The Onkalo repository is expected to cost around £3bn over the century or so that it will take to fill it – it will be the world’s first permanent disposal site for commercial reactor fuel. With the support of the local municipality and the national government, the project has progressed relatively smoothly for years.

Nuclear ambition: Kimmo Kemppainen, research manager for the Onkalo repository project, in one of the tunnels 1,400 feet underground (Miikka Pirinen/NYT)

That is a marked contrast to similar efforts in other countries – most notably in the US where there have been efforts to create a deep repository in Nevada. The Yucca Mountain project, which would handle spent fuel that is currently stored at 75 reactor sites around the country, faced political opposition from Nevada politicians for years and was defunded by the Obama administration in 2009.

Now, with the backing of the nuclear power industry the Trump administration wants to take the project out of mothballs. But its fate remains uncertain.

Experts in nuclear waste management say the success of the Finnish project is due in part to how it was initially showcased to the people whose lives would be most affected by it. Each community under consideration as a repository location was consulted and promised veto power should it be selected.

In 1987 Washington pre-emptively directed that only Yucca Mountain be studied as a potential site, effectively overruling opponents in Nevada who were worried that the project might affect water supplies or otherwise contaminate the region.
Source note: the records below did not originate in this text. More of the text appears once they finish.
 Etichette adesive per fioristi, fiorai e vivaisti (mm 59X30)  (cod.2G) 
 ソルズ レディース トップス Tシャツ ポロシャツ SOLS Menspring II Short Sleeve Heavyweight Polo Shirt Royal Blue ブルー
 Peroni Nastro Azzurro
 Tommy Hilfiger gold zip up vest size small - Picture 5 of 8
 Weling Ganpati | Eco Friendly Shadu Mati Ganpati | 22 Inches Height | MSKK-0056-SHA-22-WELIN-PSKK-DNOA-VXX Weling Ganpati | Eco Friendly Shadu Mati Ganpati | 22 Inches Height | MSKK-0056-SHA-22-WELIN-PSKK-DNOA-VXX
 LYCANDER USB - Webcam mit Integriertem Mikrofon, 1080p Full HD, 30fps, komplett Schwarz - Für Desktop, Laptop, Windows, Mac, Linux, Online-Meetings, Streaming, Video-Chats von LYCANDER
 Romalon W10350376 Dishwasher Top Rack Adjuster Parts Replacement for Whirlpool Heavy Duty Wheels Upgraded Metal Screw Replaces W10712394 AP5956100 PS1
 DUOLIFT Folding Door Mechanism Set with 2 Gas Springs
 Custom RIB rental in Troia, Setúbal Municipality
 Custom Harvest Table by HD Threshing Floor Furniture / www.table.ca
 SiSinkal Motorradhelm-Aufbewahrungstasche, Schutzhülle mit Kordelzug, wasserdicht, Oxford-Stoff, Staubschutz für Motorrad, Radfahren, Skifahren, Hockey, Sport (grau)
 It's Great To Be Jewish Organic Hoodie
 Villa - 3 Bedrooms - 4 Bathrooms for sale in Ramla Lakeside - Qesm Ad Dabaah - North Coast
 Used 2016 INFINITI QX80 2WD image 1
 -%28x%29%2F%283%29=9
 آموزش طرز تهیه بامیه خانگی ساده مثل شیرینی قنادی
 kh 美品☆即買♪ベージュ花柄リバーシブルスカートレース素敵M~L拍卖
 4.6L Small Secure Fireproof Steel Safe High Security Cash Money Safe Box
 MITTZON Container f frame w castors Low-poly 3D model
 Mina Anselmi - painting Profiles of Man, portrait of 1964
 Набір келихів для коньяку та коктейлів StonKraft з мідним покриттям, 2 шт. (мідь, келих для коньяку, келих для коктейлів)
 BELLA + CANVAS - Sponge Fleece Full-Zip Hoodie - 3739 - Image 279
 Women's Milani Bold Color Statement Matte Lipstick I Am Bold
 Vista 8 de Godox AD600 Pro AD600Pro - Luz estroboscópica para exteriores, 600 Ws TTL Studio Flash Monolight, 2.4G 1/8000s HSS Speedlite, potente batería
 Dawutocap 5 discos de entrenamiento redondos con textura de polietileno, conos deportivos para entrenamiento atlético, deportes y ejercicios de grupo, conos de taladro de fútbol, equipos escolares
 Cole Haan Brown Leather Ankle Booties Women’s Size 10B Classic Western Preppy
“When you look at the Finnish repository, it’s natural to admire the technical accomplishment,” says Rodney C Ewing, professor of nuclear security at Stanford University. “But of equal importance has been the social accomplishment.”

Posiva’s Timo Aikas, who was involved in the Finnish site selection process beginning in the 1980s, says he and his colleagues learned early lessons about the need to consult local residents.

“We ran into difficulties because we tried to behave as industry did back then – we’d decide and announce,” he says. Invariably, he adds, by presenting decisions as unreviewable, they ran into local opposition.

“Very soon we learned that we had to be very open,” says Aikas. “This openness and transparency creates trust.”

When five sites were selected for further study 30 years ago, offices were opened in each community to provide information.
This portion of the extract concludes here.